Redacción Canal Abierto | Fiel a su costumbre de puentear al Congreso, en el último día del año el Poder Ejecutivo a cargo de Javier Milei emitió un decreto de necesidad y urgencia que modifica integralmente la Ley de Inteligencia Nacional (25.520) para darle mayor poder a la SIDE y ampliar las facultades operativas de los organismos del área. Algo que, en la práctica, resulta más alarmante que en los papeles.
Publicado en el Boletín Oficial este viernes 2 de enero, el DNU 941/2025 establece que la Secretaría de Inteligencia del Estado –que comanda el asesor monotributista Santiago Caputo a través de Cristian Auguadra– será el órgano principal del Sistema de Inteligencia Nacional.
Pero lo más saliente es que les otorga a los agentes de inteligencia la facultad de aprehender personas en determinadas situaciones. En otras palabras: les da a los espías poder de policía.
Asimismo, crea una nueva oficina dependiente de la Jefatura de Gabinete de Manuel Adorni llamada Centro Nacional de Ciberseguridad. Este organismo tendrá la misión de “planificar, ejecutar y supervisar políticas, programas y acciones en materia de ciberseguridad destinadas a proteger el ciberespacio de interés nacional, las infraestructuras críticas de información, los activos digitales estratégicos del Estado nacional y los sistemas tecnológicos empleados en la prestación de servicios públicos esenciales y actividades del Sector Público Nacional”.
También crea la Comunidad de Inteligencia Nacional y la Comunidad Informativa Nacional, cuyo fin es compartir información entre la secretaría de inteligencia y otras áreas, y disuelve la Dirección Nacional de Inteligencia Estratégica Militar (Diniem) del Ministerio de Defensa.
Reacciones de alarma
Las reacciones ante la medida no tardaron en llegar. El diputado de Fuerza Patria y exministro de Defensa de la Nación, Jorge Taiana, alertó en su cuenta de X sobre la peligrosidad de esta medida.
“La consecuencia será un Estado policial que recortará varios derechos y perseguirá y controlará a opositores”, aseguró en su enumeración.
Y luego planteó que, con la disolución de la Diniem “subordinan la inteligencia militar al área de seguridad, dando un paso más en convertir a las Fuerzas Armadas en un auxiliar de las fuerzas de seguridad”. “Se avanza así en el objetivo de transformar las fuerzas armadas en una Guardia Nacional, como impulsan desde hace años desde el Comando Sur”, concluyó.
En la misma línea se pronunció el diputado nacional y también exministro de Defensa, Agustín Rossi, quien advirtió que el DNU “transforma a los agentes de inteligencia en ‘policía secreta’”, al habilitar la detención de personas sin orden judicial. “La SIDE se convertirá en una fuerza parapolicial”, remató.
Luego alertó: “La actual Agencia de Seguridad Nacional (ASN) pasará a ser la Agencia Nacional de Contrainteligencia.
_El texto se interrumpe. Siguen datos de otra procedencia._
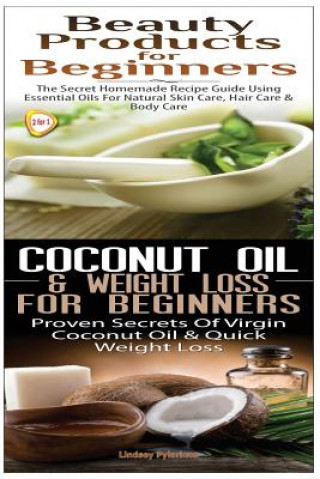 Könyv Beauty Products for Beginners & Coconut Oil & Weight Loss for Beginners Lindsey Pylarinos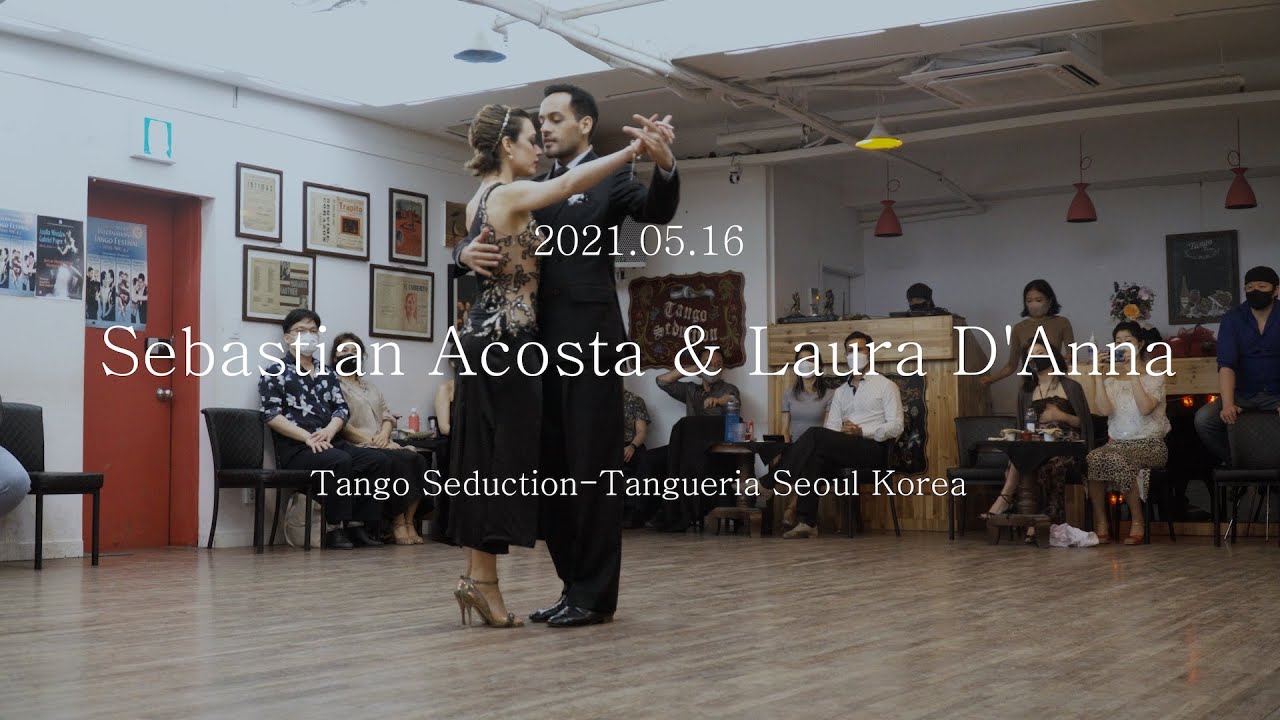 [ Tango ] 2021.05.16 - Sebastian Acosta & Laura D'Anna - Show No.1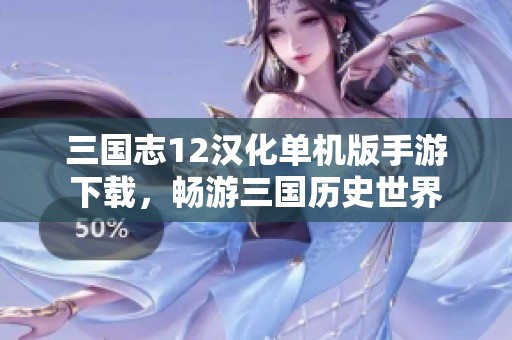 三国志12汉化单机版手游下载，畅游三国历史世界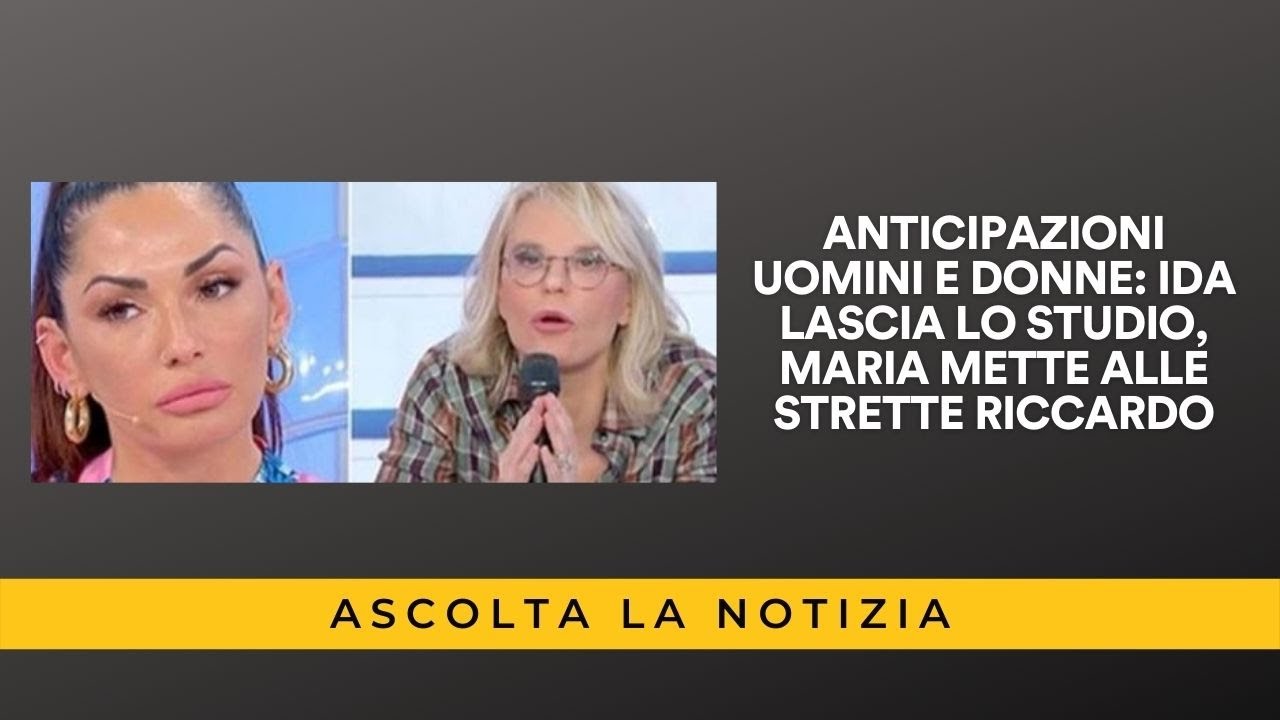 Anticipazioni Uomini E Donne Ida Lascia Lo Studio Maria Mette Alle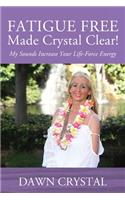 FATIGUE FREE Made Crystal Clear! My Sounds Increase Your Life-Force Energy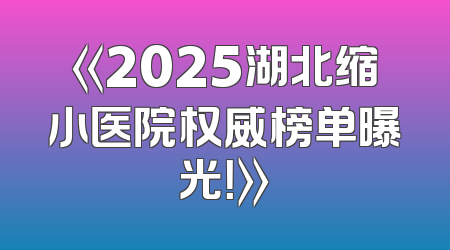 《2025湖北缩小医院权威榜单曝光！》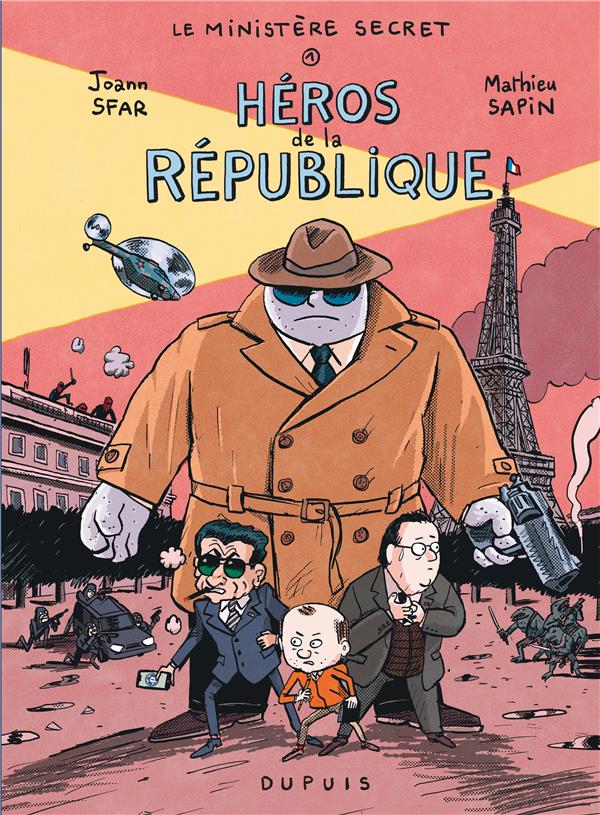 Le ministère secret Tome 1 : héros de la république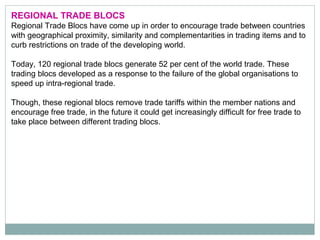 REGIONAL TRADE BLOCS
Regional Trade Blocs have come up in order to encourage trade between countries
with geographical proximity, similarity and complementarities in trading items and to
curb restrictions on trade of the developing world.
Today, 120 regional trade blocs generate 52 per cent of the world trade. These
trading blocs developed as a response to the failure of the global organisations to
speed up intra-regional trade.
Though, these regional blocs remove trade tariffs within the member nations and
encourage free trade, in the future it could get increasingly difficult for free trade to
take place between different trading blocs.
 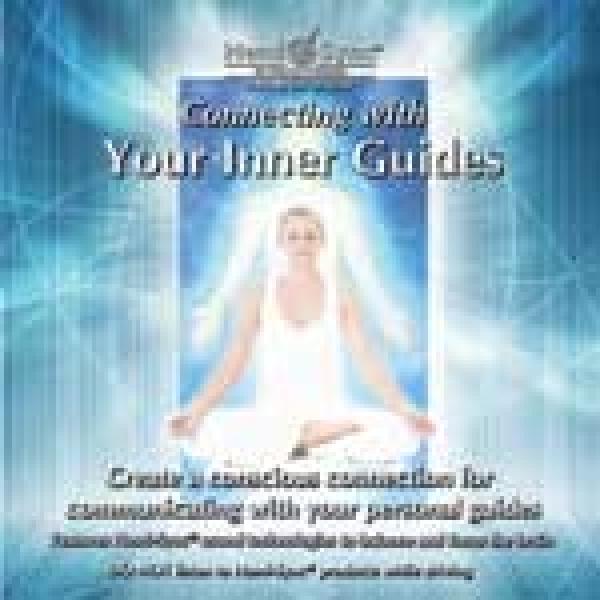 Connecting with Your Inner Guides Connecting with Your Inner Guides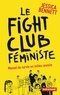 Jessica Bennett - Le fight club féministe - Manuel de survie en milieu sexiste.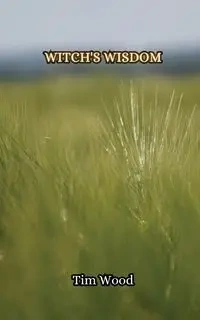 Witch's Wisdom - Tim Wood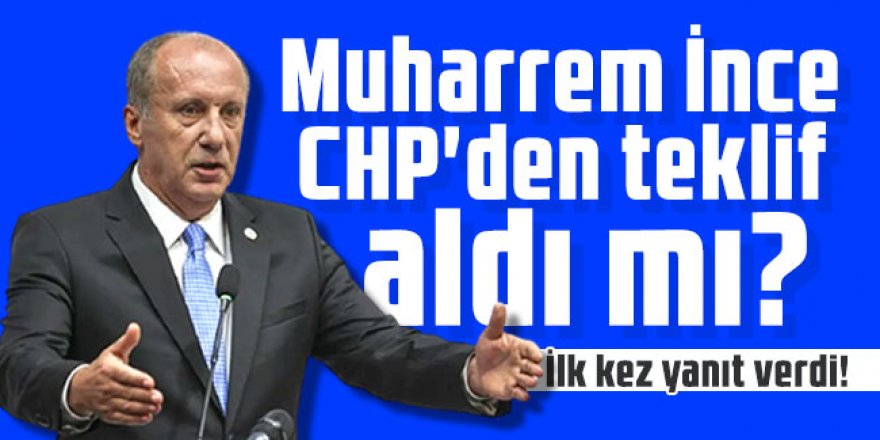 Muharrem İnce CHP'den teklif aldı mı? İlk kez yanıt verdi!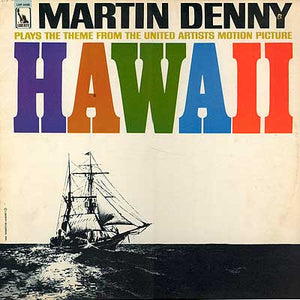 MARTIN DENNY | HAWAII
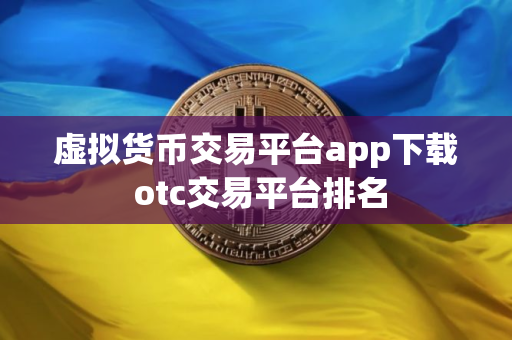 虚拟货币交易平台app下载 otc交易平台排名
Las tareas de contrainteligencia quedan exceptuadas, entre otras cosas, de tener tareas represivas o facultades posesivas… ALERTA A LOS PERIODISTAS!”.
“Cuando hablamos de la militarización de la defensa, nos referíamos a este tipo de cosas. Este DNU fortalece la idea de una Estado represor, oscuro, con ausencia de derechos y garantías para la ciudadanía argentina. El Congreso debe rechazar este DNU. Exigimos que las modificaciones de la ley de inteligencia se hagan mediante una ley”, resumió.
Desde la Coalición Cívica también manifestaron alarma. En diálogo con Radio con vos, el presidente de la Coalición Cívica-ARI, Maximiliano Ferraro, anticipó que el espacio que integra como diputado junto a Provincias Unidas y Encuentro Federal rechazan el DNU y también exigirán que una reforma de esta profundidad pase por el Congreso.